Top of Data extract
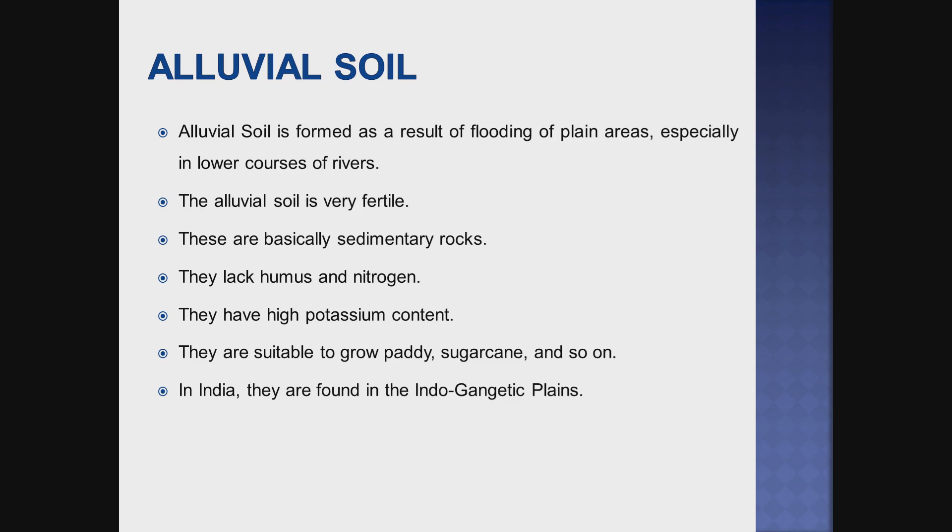The alluvial soil has low nitrogen content but high potassium content. They are suitable to grow paddy, sugarcane, and so on. In India, alluvial soil is found abundantly in the Indo-Gangetic Plains.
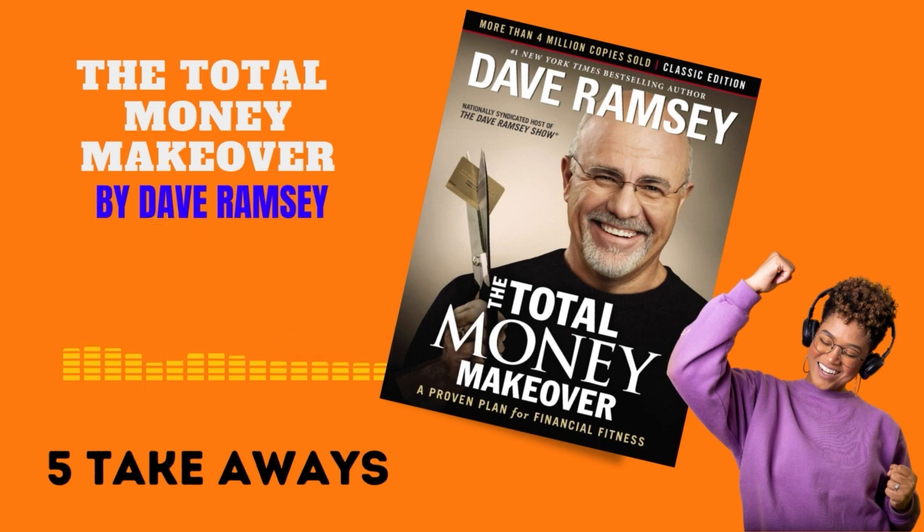Number one: baby steps to financial freedom. Ramsey introduces seven baby steps as the backbone of his plan. This includes saving for an emergency fund, paying off all debts except the house, using the debt snowball method, and investing 15% of income for retirement.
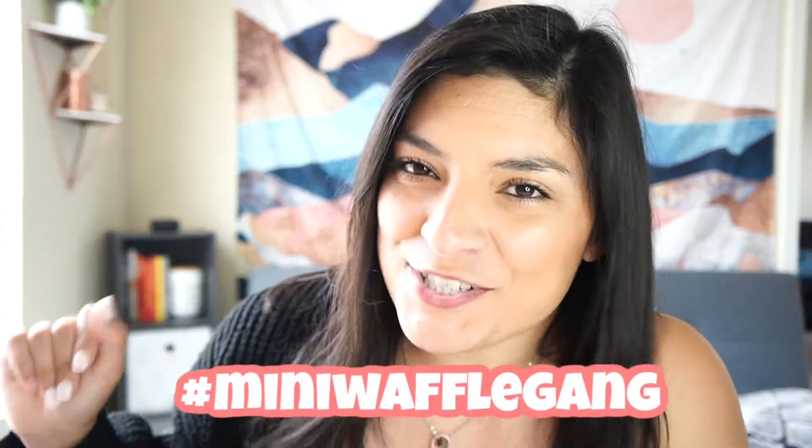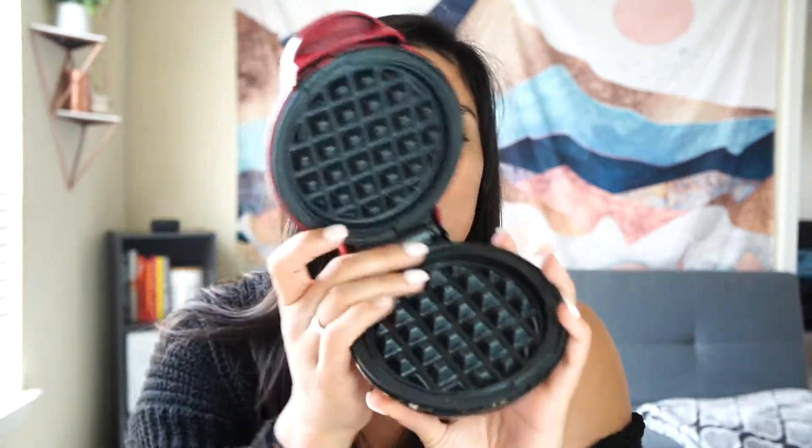The next item is a true obsession of mine — the Dash mini waffle maker. It makes Eggo-sized waffles, and I use it for my Kodiak Cakes all the time. It makes breakfast so fast, it's cute and fun, and comes in a bunch of different colors — I have the red one. I wish I'd gotten pink or teal, but I love it. If you're a waffle lover, highly recommend — super easy to clean up and easy to store.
Bottom of Data extract
Return the full listing exactly as written, without any of its images.

▶ _Result of this task_:
The alluvial soil has low nitrogen content but high potassium content. They are suitable to grow paddy, sugarcane, and so on. In India, alluvial soil is found abundantly in the Indo-Gangetic Plains.
Number one: baby steps to financial freedom. Ramsey introduces seven baby steps as the backbone of his plan. This includes saving for an emergency fund, paying off all debts except the house, using the debt snowball method, and investing 15% of income for retirement.
The next item is a true obsession of mine — the Dash mini waffle maker. It makes Eggo-sized waffles, and I use it for my Kodiak Cakes all the time. It makes breakfast so fast, it's cute and fun, and comes in a bunch of different colors — I have the red one. I wish I'd gotten pink or teal, but I love it. If you're a waffle lover, highly recommend — super easy to clean up and easy to store.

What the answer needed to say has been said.